Handling Large Data Sets

Info

If you want to run the code below, you need access to or download the full TNG simulation dataset. The easiest way to access all TNG data sets is to use the TNGLab, which supports scida.

Until now, we have applied our framework to a very small simulation. However, what if we are working with a very large data set (like the TNG50-1 cosmological simulation, which has \(2160^3\) particles, \(512\) times more than TNG50-4)?

Starting simple: computing in chunks

First, we can still run the same calculation as above, and it will "just work" (hopefully).

This is because Dask has many versions of common algorithms and functions which work on "blocks" or "chunks" of the data, which split up the large array into smaller arrays. Work is needed on each chunk, after which the final answer is assembled.

Importantly, in our case above, even if the mass array above does not fit into memory, the mass.sum().compute() will chunk the operation up in a way that the task can be calculated.

>>> from scida import load
>>> sim = load("TNG50-1")
>>> ds = sim.get_dataset(99)

Before we start, let's enable a progress indicator from dask (note that this will only work for local schedulers, see next section):

>>> from dask.diagnostics import ProgressBar
>>> ProgressBar().register()

Let's benchmark this operation on our local machine.

>>> %time ds.data["PartType0"]["Masses"].sum().compute()
[########################################] | 100% Completed | 194.28 s
CPU times: user 12 s, sys: 16.2 s, total: 28.2 s
Wall time: 3min 16s
52722.6796875 code_mass

More advanced: computing in parallel

Rather than sequentially calculating large tasks, we can also run the computation in parallel.

To do so different advanced dask schedulers are available. Here, we use the most straight forward distributed scheduler.

Running a LocalCluster

Usually, we would start a scheduler and then connect new workers (e.g. running on multiple compute/backend nodes of a HPC cluster). After, tasks (either interactively or scripted) can leverage the power of these connected resources.

For this example, we will use the same "distributed" scheduler/API, but keep things simple by using just the one (local) node we are currently running on.

While the result is eventually computed, it is a bit slow, primarily because the actual reading of the data off disk is the limiting factor, and we can only use resources available on our local machine.

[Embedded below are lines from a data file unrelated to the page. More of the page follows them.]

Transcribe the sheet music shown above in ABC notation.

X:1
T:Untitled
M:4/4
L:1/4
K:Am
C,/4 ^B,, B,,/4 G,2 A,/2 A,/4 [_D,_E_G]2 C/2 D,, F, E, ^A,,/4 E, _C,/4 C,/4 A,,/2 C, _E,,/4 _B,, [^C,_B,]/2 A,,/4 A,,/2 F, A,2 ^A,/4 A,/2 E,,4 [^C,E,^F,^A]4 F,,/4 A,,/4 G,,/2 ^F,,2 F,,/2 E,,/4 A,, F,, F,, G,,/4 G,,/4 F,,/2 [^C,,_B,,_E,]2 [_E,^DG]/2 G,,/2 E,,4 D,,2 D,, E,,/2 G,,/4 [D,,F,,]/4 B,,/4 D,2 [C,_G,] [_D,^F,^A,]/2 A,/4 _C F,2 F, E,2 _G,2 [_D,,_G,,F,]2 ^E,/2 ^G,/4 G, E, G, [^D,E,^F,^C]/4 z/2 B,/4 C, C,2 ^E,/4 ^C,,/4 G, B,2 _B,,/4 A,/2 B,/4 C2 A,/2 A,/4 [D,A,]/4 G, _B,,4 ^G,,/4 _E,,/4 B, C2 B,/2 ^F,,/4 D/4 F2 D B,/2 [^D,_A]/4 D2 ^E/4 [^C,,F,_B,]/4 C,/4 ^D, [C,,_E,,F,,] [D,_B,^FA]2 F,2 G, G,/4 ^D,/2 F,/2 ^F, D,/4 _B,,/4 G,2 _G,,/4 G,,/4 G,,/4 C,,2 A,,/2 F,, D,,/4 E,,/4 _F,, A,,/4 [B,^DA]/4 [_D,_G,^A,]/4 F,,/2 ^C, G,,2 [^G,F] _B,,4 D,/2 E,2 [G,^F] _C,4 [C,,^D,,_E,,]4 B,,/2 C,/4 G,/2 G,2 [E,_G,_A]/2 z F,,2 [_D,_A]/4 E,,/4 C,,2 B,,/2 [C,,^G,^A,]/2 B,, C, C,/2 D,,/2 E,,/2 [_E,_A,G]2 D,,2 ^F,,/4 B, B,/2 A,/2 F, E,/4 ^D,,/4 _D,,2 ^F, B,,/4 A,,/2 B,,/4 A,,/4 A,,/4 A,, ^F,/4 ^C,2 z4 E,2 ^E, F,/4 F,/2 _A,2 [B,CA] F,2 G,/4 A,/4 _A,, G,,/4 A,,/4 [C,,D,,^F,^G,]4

>>> from dask.distributed import Client, LocalCluster
>>> cluster = LocalCluster(n_workers=16, threads_per_worker=1,
                           dashboard_address=":8787")
>>> client = Client(cluster)
>>> client

This is our client. We can access the scheduler on specified dashboard port to investigate its state.

We can now perform the same operations, but it is performed in a distributed manner, in parallel.

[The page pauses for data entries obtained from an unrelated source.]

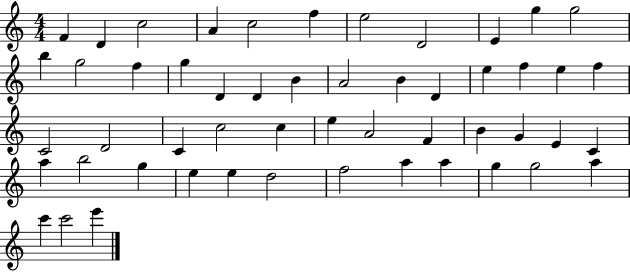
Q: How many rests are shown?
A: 0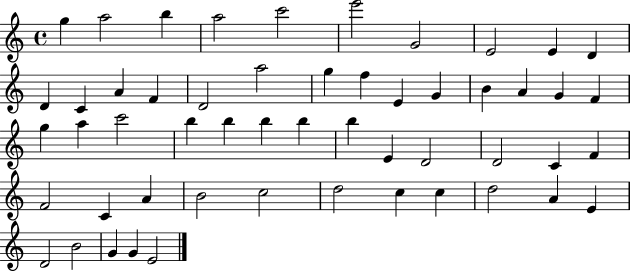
X:1
T:Untitled
M:4/4
L:1/4
K:C
g a2 b a2 c'2 e'2 G2 E2 E D D C A F D2 a2 g f E G B A G F g a c'2 b b b b b E D2 D2 C F F2 C A B2 c2 d2 c c d2 A E D2 B2 G G E2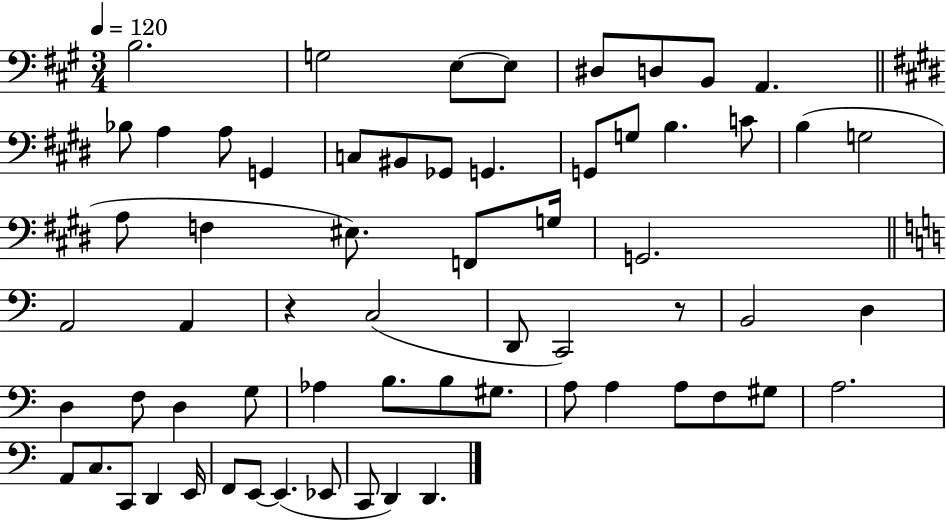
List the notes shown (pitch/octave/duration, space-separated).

B3/h. G3/h E3/e E3/e D#3/e D3/e B2/e A2/q. Bb3/e A3/q A3/e G2/q C3/e BIS2/e Gb2/e G2/q. G2/e G3/e B3/q. C4/e B3/q G3/h A3/e F3/q EIS3/e. F2/e G3/s G2/h. A2/h A2/q R/q C3/h D2/e C2/h R/e B2/h D3/q D3/q F3/e D3/q G3/e Ab3/q B3/e. B3/e G#3/e. A3/e A3/q A3/e F3/e G#3/e A3/h. A2/e C3/e. C2/e D2/q E2/s F2/e E2/e E2/q. Eb2/e C2/e D2/q D2/q.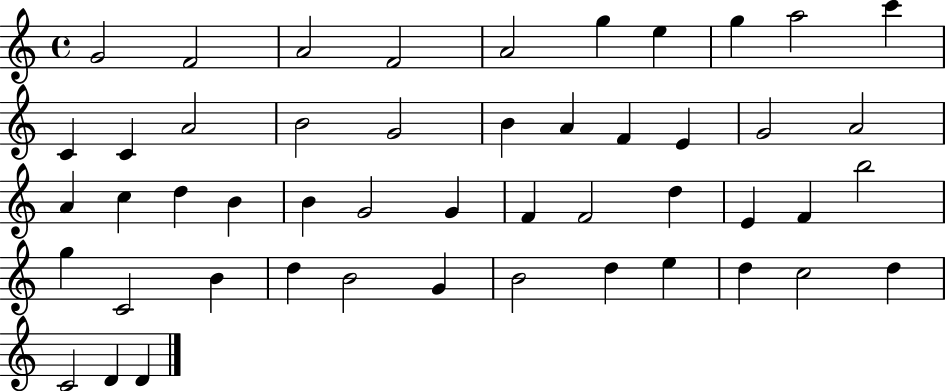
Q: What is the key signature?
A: C major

One significant advantage is that (even when using only a single node) individual workers will load just the subsets of data they need to work on, meaing that I/O operations become parallel.

Note: after creating a Client(), all calls to .compute() will automatically use this scheduler and its set of workers.

>>> %time ds.data["PartType0"]["Masses"].sum().compute()
CPU times: user 5.11 s, sys: 1.42 s, total: 6.53 s
Wall time: 24.7 s

52722.6796875 code_mass

The progress bar, we could use for the default scheduler (before initializing LocalCluster), is unavailable for the distributed scheduler. However, we can still view the progress of this task as it executes using its status dashboard (as a webpage in a new browser tab or within jupyter lab). You can find it by clicking on the "Dashboard" link above. If running this notebook server remotely, e.g. on a login node of a HPC cluster, you may have to change the '127.0.0.1' part of the address to be the same machine name/IP.

Running a SLURMCluster

If you are working with HPC resources, such as compute clusters with common schedulers (e.g. SLURM), check out Dask-Jobqueue to automatically batch jobs spawning dask workers.

Below is an example using the SLURMCluster. We configure the job and node resources before submitting the job via the scale() method.

>>> from dask.distributed import Client
>>> from dask_jobqueue import SLURMCluster
>>> cluster = SLURMCluster(queue='p.large', cores=72, memory="500 GB",
>>>                        processes=36,
>>>                        scheduler_options={"dashboard_address": ":8811"})
>>> cluster.scale(jobs=1)  # submit 1 job for 1 node
>>> client = Client(cluster)

>>> from scida import load
>>> sim = load("TNG50-1")
>>> ds = sim.get_dataset(99)
>>> %time ds.data["PartType0"]["Masses"].sum().compute()
CPU times: user 1.27 s, sys: 152 ms, total: 1.43 s
Wall time: 21.4 s
>>> client.shutdown()

The SLURM job will be killed by invoking client.shutdown() or if the spawning python process or ipython kernel dies. Make sure to properly handle exceptions, particularly in active jupyter notebooks, as allocated nodes might otherwise idle and not be cleaned up.